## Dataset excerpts
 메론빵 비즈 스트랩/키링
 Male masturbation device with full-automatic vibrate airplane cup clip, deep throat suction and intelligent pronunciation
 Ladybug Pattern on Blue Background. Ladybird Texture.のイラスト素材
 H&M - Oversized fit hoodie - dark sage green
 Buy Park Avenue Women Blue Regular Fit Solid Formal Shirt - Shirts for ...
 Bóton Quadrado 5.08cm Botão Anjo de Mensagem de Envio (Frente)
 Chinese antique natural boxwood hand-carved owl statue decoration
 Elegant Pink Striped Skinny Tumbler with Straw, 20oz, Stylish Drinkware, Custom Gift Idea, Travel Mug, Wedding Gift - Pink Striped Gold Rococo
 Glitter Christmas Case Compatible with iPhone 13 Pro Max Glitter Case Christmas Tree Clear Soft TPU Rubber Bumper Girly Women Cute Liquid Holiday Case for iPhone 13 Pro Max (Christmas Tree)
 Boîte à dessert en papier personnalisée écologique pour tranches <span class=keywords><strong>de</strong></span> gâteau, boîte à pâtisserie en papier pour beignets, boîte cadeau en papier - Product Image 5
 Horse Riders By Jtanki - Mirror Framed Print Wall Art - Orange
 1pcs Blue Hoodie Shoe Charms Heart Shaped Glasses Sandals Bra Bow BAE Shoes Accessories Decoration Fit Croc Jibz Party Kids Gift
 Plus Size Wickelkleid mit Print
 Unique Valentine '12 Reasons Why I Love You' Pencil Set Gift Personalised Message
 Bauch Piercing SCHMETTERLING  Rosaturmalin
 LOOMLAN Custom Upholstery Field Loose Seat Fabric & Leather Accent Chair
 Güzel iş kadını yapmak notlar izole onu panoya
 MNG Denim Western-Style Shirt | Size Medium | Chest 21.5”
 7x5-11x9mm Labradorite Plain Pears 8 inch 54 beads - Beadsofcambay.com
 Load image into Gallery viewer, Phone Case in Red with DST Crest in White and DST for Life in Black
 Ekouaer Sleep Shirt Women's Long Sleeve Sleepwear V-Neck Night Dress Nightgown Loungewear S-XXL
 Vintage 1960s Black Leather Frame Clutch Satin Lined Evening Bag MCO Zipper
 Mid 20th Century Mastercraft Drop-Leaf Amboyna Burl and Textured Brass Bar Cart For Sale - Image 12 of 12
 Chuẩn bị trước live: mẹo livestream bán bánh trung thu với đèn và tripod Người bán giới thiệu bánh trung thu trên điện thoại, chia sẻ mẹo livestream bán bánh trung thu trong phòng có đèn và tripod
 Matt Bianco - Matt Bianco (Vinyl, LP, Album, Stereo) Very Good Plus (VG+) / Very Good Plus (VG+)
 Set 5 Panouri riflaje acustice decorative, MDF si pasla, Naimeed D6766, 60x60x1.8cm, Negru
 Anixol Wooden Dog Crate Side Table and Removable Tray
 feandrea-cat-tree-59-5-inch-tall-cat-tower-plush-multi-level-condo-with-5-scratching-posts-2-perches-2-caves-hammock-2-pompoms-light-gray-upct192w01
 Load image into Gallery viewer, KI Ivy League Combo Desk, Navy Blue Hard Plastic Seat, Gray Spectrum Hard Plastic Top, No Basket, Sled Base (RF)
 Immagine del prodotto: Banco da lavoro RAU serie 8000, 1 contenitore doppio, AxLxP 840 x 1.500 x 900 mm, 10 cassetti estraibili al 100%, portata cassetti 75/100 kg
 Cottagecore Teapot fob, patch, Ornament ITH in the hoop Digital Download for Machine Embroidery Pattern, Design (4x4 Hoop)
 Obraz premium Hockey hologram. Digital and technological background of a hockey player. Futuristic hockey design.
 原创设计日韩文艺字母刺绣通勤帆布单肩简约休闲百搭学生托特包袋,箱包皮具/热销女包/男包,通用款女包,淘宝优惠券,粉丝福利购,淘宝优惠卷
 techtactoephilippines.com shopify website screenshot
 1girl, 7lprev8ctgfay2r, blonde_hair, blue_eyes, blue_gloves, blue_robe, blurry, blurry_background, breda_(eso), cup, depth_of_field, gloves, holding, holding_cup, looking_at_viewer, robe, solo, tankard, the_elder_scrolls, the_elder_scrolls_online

## Task statement
The answer needed is a single number: how many lines in the records above hold the string "Black". Please write nothing else.

## Reply
2